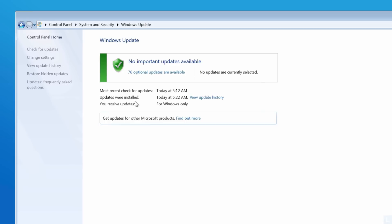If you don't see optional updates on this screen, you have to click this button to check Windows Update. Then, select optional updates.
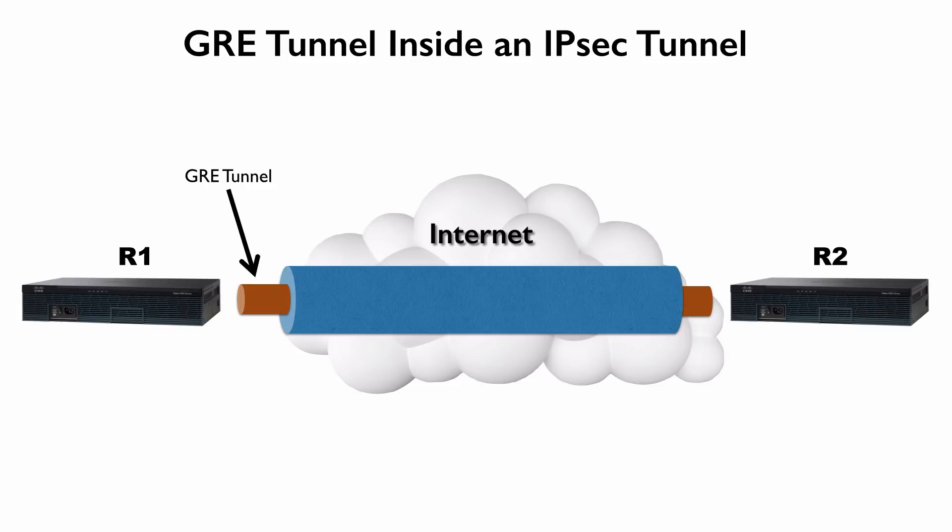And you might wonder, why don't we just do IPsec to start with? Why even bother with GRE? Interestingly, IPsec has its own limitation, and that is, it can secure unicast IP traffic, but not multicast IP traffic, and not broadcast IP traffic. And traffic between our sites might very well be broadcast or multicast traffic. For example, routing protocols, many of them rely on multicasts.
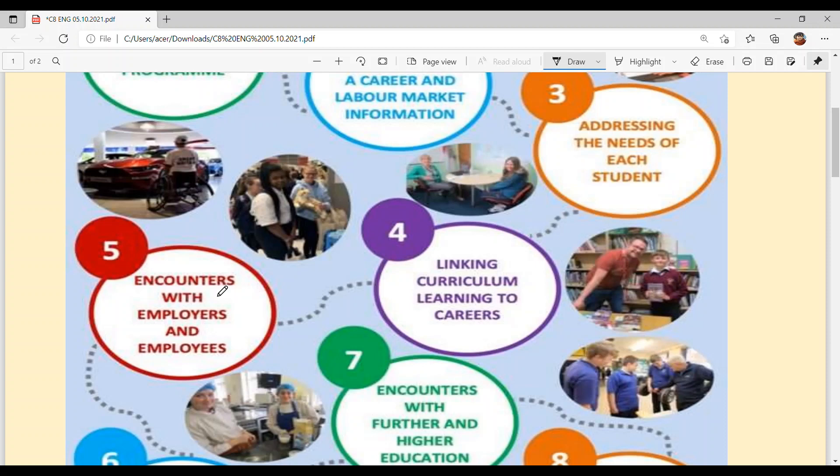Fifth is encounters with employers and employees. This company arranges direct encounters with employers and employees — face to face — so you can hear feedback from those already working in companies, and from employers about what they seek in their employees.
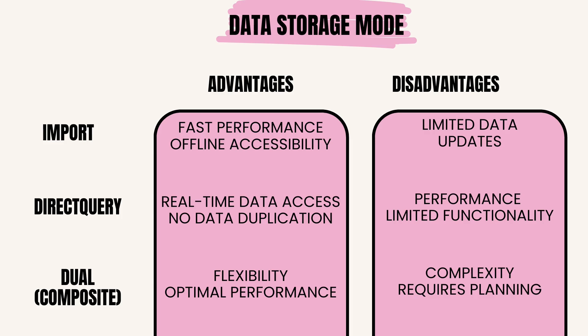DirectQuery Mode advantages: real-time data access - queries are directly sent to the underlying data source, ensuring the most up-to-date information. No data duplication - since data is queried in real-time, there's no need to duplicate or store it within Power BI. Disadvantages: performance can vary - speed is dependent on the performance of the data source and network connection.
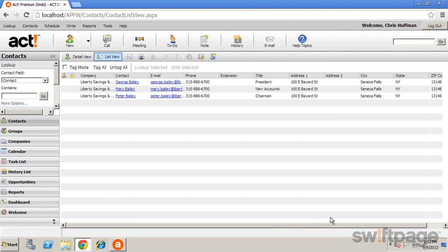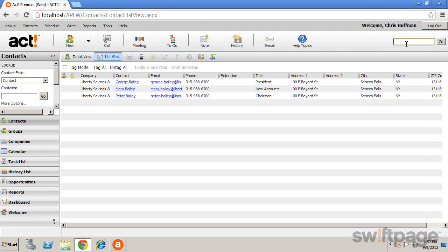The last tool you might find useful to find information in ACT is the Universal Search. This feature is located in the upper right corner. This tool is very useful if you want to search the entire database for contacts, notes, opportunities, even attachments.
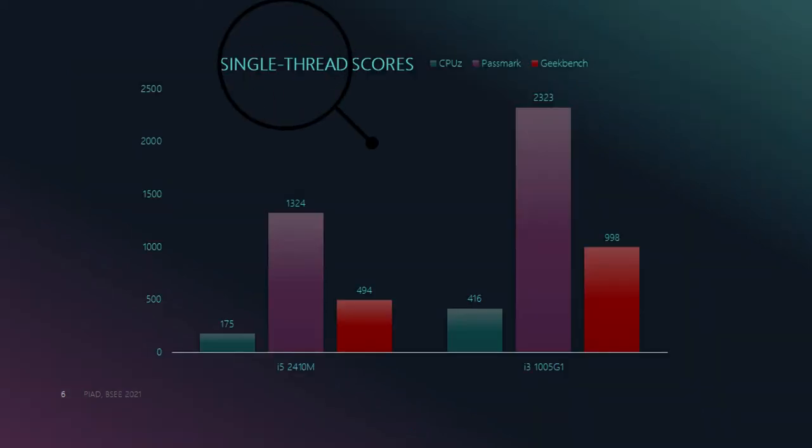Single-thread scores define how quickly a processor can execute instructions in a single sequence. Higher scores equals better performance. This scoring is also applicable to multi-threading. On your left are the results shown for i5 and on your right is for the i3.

+ + + +

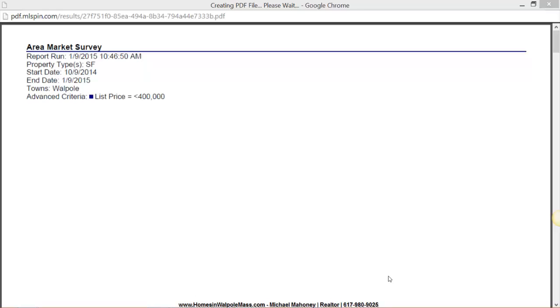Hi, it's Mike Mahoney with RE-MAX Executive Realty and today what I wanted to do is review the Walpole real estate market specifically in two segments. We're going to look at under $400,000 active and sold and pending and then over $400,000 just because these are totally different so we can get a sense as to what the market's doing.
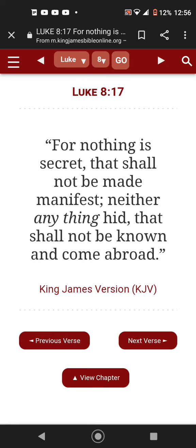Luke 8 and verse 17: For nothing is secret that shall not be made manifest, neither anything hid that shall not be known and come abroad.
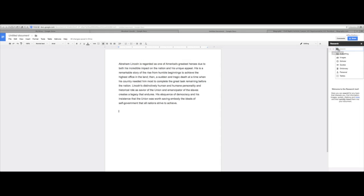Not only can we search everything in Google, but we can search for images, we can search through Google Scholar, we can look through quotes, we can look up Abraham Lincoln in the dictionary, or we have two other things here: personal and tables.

+ + + +

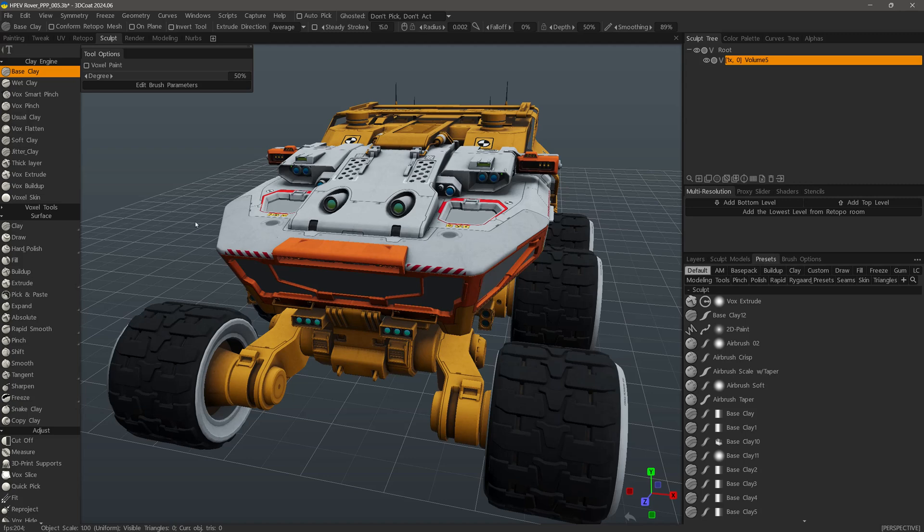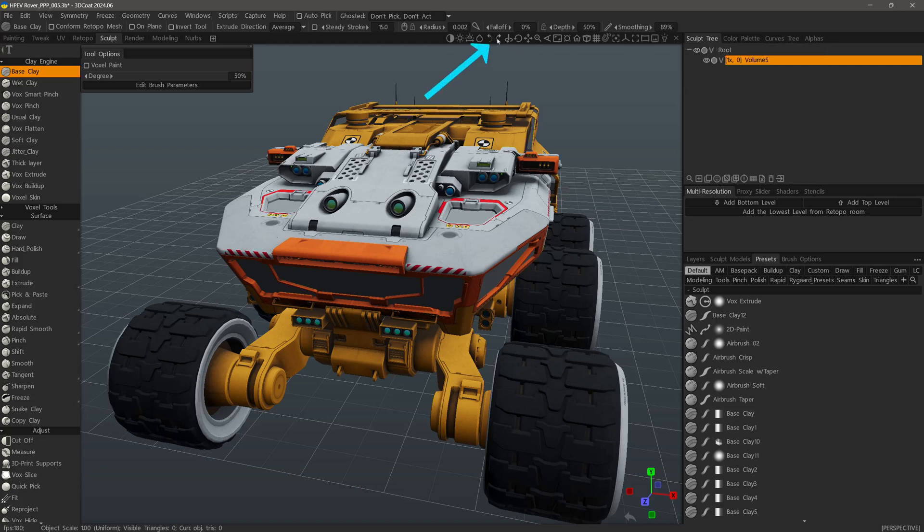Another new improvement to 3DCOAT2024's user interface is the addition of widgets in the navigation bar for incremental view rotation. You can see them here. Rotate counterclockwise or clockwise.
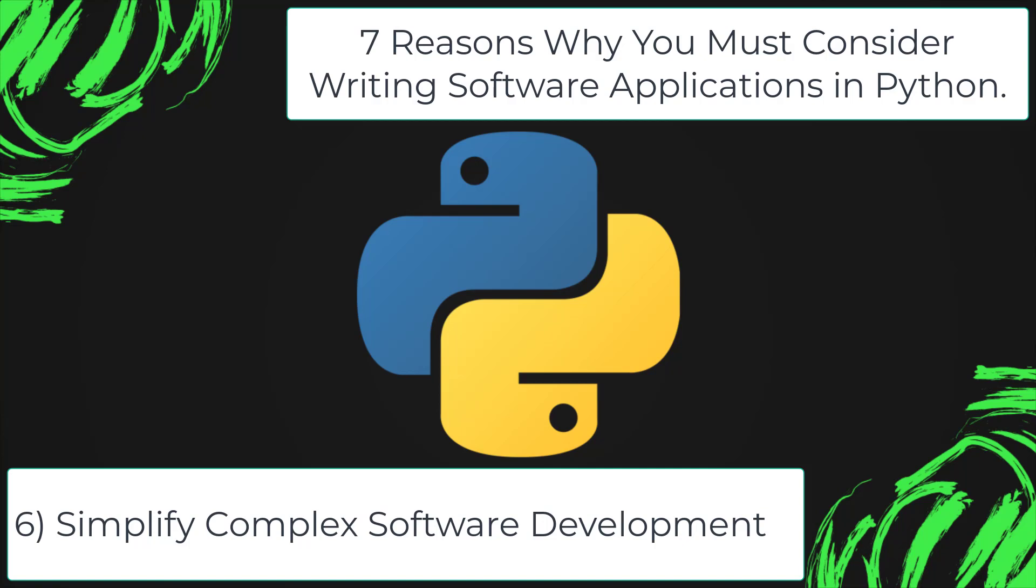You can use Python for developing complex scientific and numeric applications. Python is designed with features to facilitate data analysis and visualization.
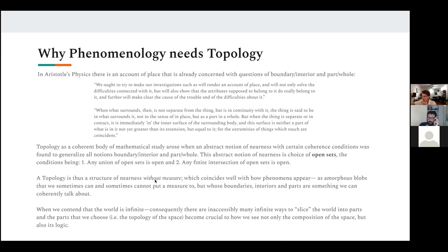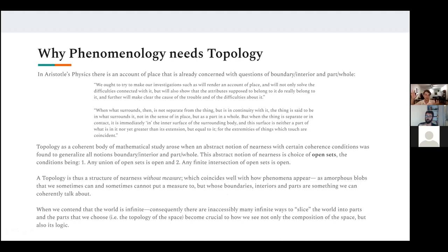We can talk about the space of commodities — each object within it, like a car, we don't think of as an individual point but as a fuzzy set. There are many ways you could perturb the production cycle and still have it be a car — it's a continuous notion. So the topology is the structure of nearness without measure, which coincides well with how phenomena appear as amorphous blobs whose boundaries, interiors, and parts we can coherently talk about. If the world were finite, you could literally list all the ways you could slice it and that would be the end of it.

+ + + +

• _ABOUT THIS TASK_
Above are records with pictures. Reproduce exactly only the lines from the line with "The last tool" through the line with "Single-thread scores define", both ends included, and leave the pictures out.

• _RESULT FOR THIS TASK_
The last tool you might find useful to find information in ACT is the Universal Search. This feature is located in the upper right corner. This tool is very useful if you want to search the entire database for contacts, notes, opportunities, even attachments.
Single-thread scores define how quickly a processor can execute instructions in a single sequence. Higher scores equals better performance. This scoring is also applicable to multi-threading. On your left are the results shown for i5 and on your right is for the i3.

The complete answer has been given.